Why? Because there might be any number of factors which make it more likely that Adam and Bethany will choose a particular number over others. For example, perhaps Adam heard a particular number repeated on the radio earlier that day, or perhaps Bethany's favourite number is 27. This in turn impacts the odds that they will choose other numbers, although we are often unaware of such biases when arriving at probabilities.
It is important though to realise that we use probabilities most often to make predictions about the future, and that we shouldn't confuse the conclusions we draw about those probabilities with the notion that these probabilities actually exist.
When an event happens, we have no way of knowing for certain that it could ever have happened otherwise. All we have to go on is a sample size of 1. You might postulate the odds of a 47 year-old, chain-smoking, alcoholic habitual drunk driver dying on any given day to be about 1/18,647,236, but if that person actually dies, there's nothing we know about probabilities that suggests they could have died at any other time. (Some might argue the unpredictability of quantum processes might be an exception to this idea. I don't know enough about quantum mechanics to make a confident statement either way. Someone else might clarify).
As for:
"Something about this seems to create the implication that it’s “harder” for nature to create the first event instead of the second".

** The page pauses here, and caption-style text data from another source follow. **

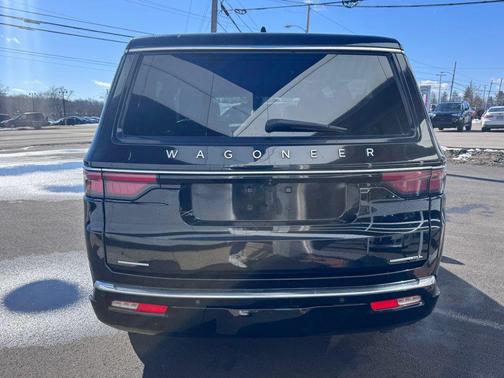 2023 Jeep Wagoneer L Series II 4x4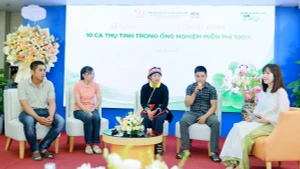 Các gia đình hiếm muộn được hỗ trợ làm IVF miễn phí chia sẻ về hoàn cảnh gia đình. 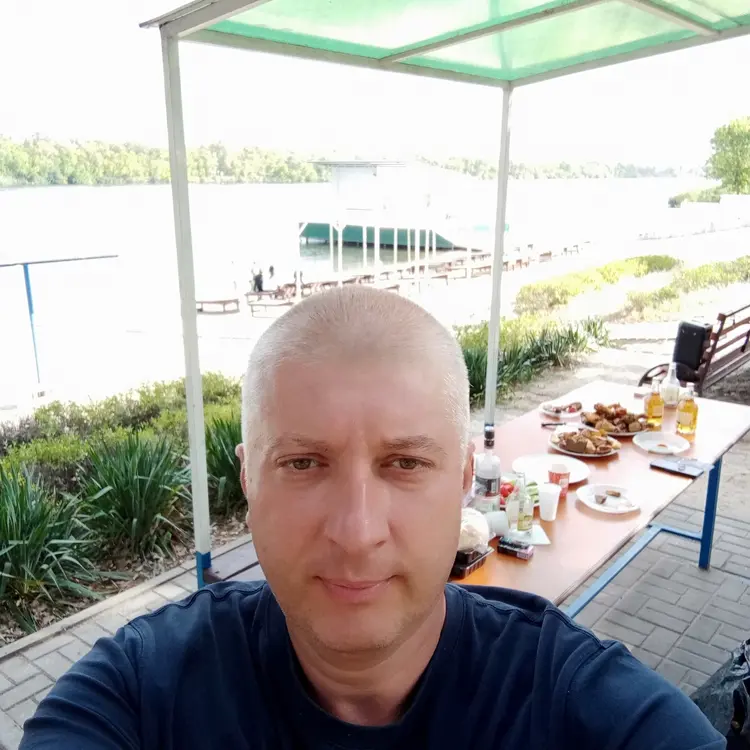 Я Сем, 44, знакомлюсь для регулярного секса в Волгодонске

A number being chosen at random (if a random number machine is truly possible), upon being 'asked' to do so is inevitable (barring malfunction/interference). The 1/100 generator may have to do more 'work' at some level in order to select a number (if, for example, it works via a digital 'shuffling' of the numbers prior to selection), but I don't think this is what you're referring to. The 'event' would still, as far as we can determine, have been inevitable; perhaps a part of a causal chain of prior events. From this perspective, comparing the probabilities of events that have occurred might be deemed either easy (if you assert that all events have a probability of 1), or impossible (if we admit we can't know if randomness truly played a part).